* _DESCRIPTION OF THE TASK_:
Once you find the line below that has "9298 Düğün & Nişan Davetiyesi", output it and every line after it exactly, stopping after the line that has "Sartén tortillero Tramontina 20cm doble", with no pictures.
== EXERCISE INPUT
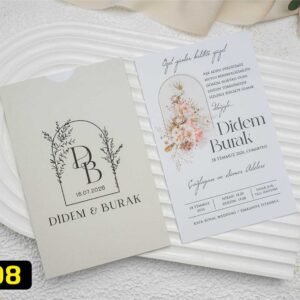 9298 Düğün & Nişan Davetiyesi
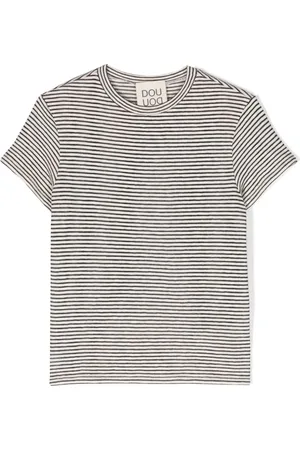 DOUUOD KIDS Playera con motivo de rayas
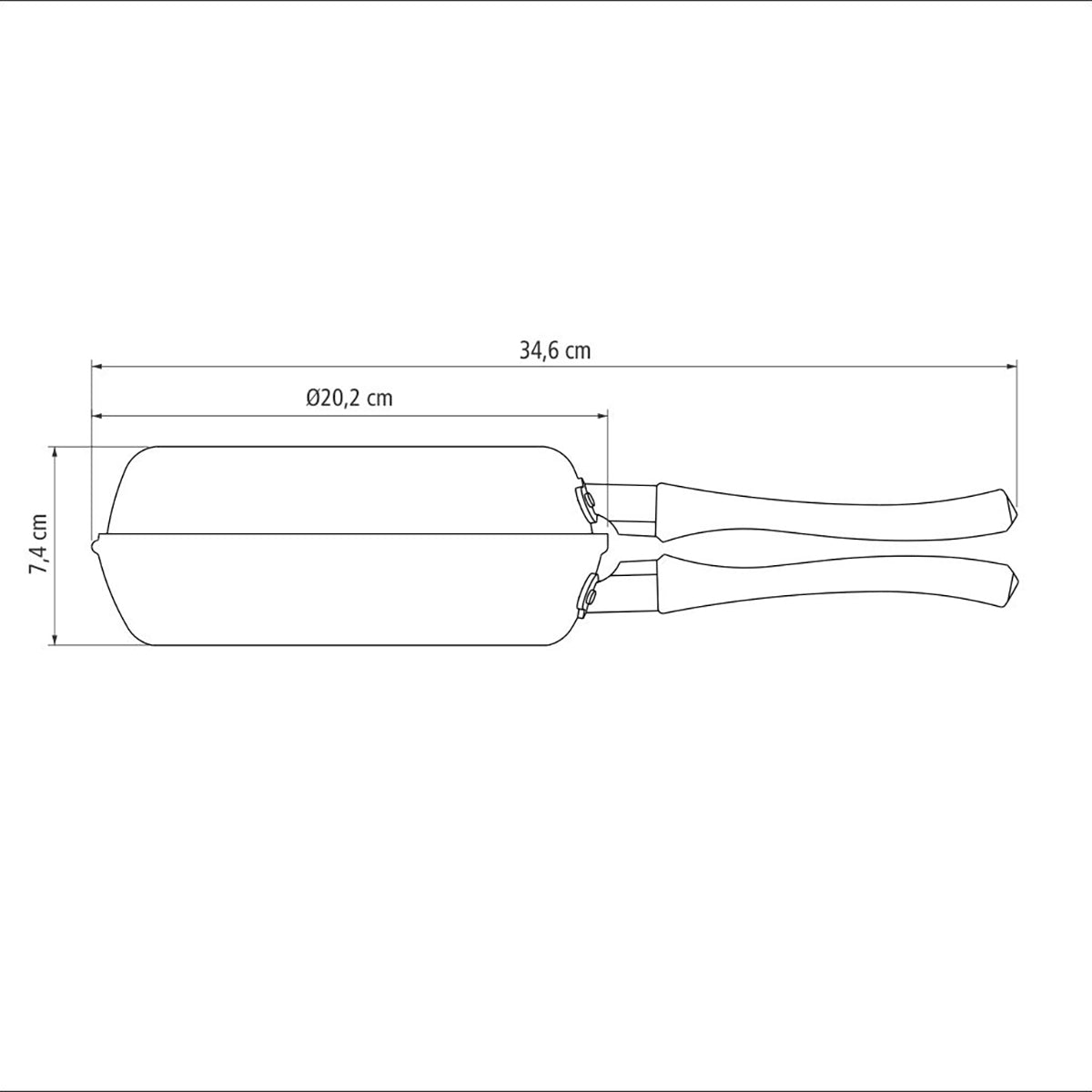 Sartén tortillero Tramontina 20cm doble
====
== EXERCISE INPUT
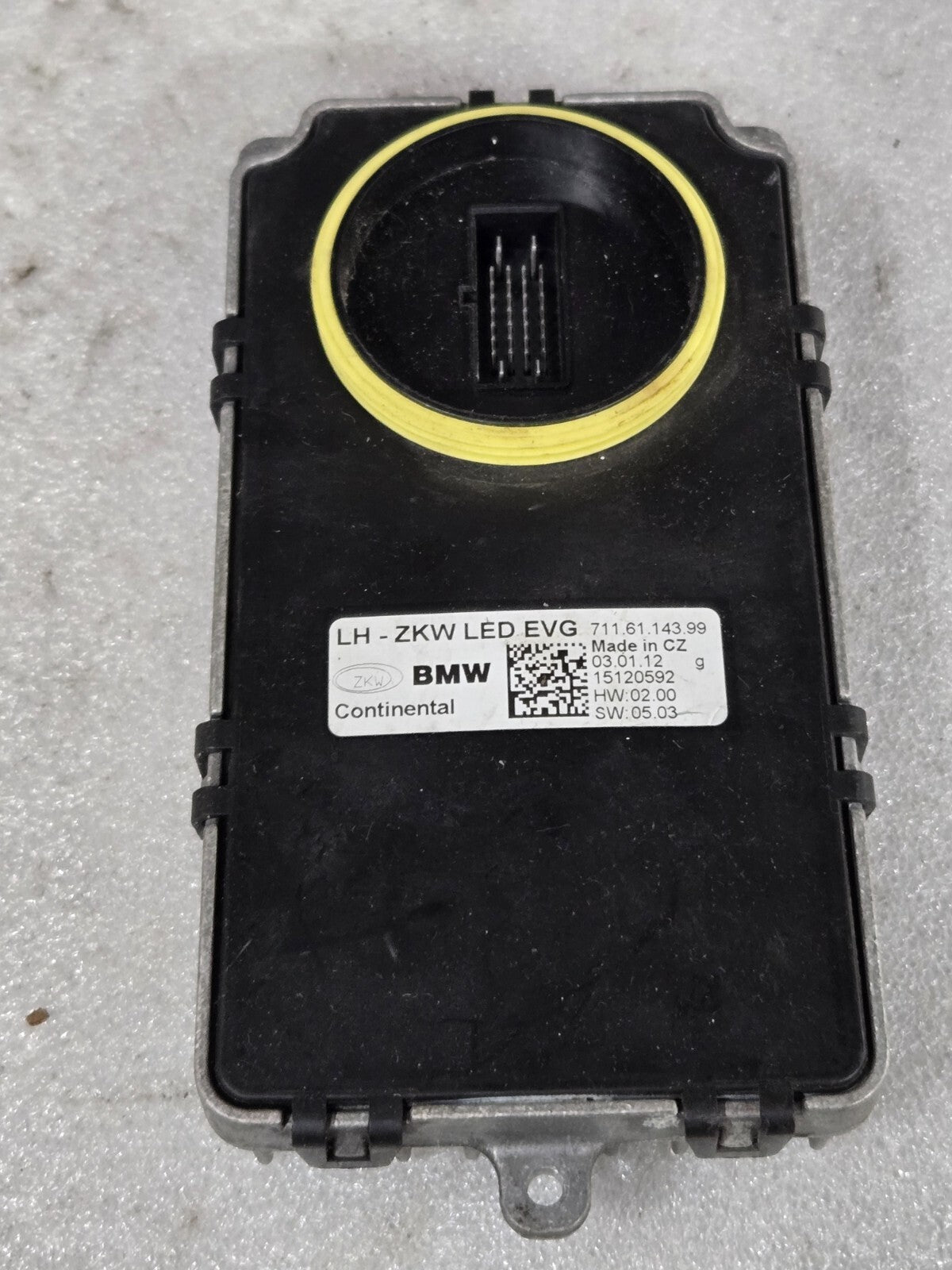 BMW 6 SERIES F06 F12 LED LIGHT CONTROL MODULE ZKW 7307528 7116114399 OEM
====
== EXERCISE INPUT
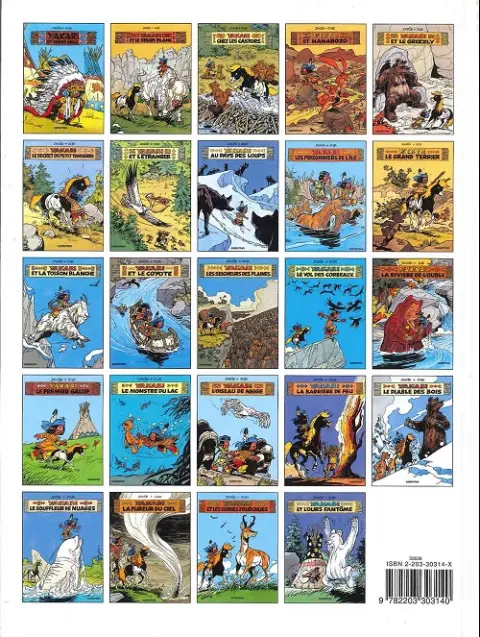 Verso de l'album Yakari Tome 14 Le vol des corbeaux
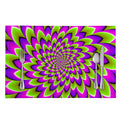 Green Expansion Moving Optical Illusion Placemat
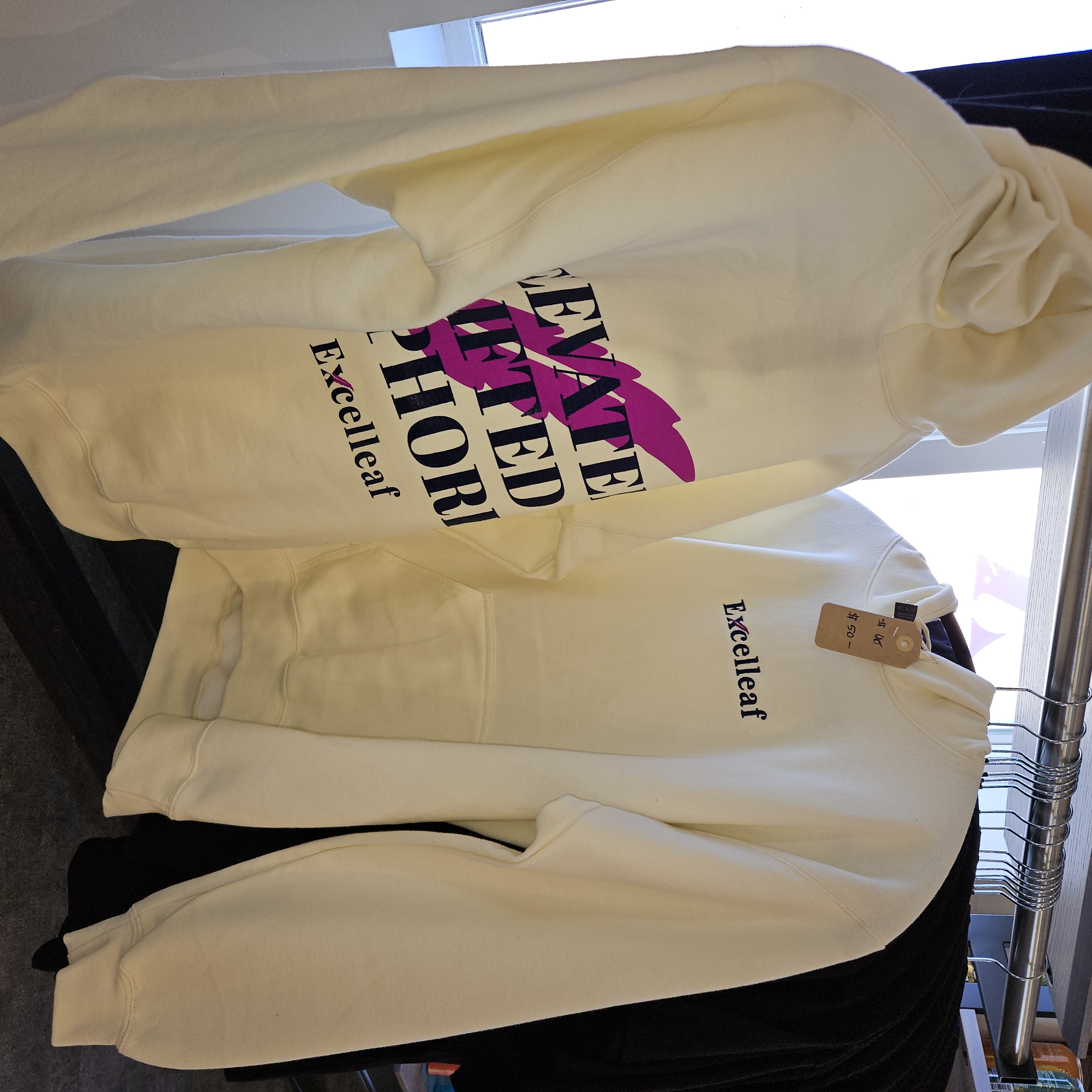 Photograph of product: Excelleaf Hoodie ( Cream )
====
* _OUTPUT FOR THIS EXERCISE_:
 9298 Düğün & Nişan Davetiyesi
 DOUUOD KIDS Playera con motivo de rayas
 Sartén tortillero Tramontina 20cm doble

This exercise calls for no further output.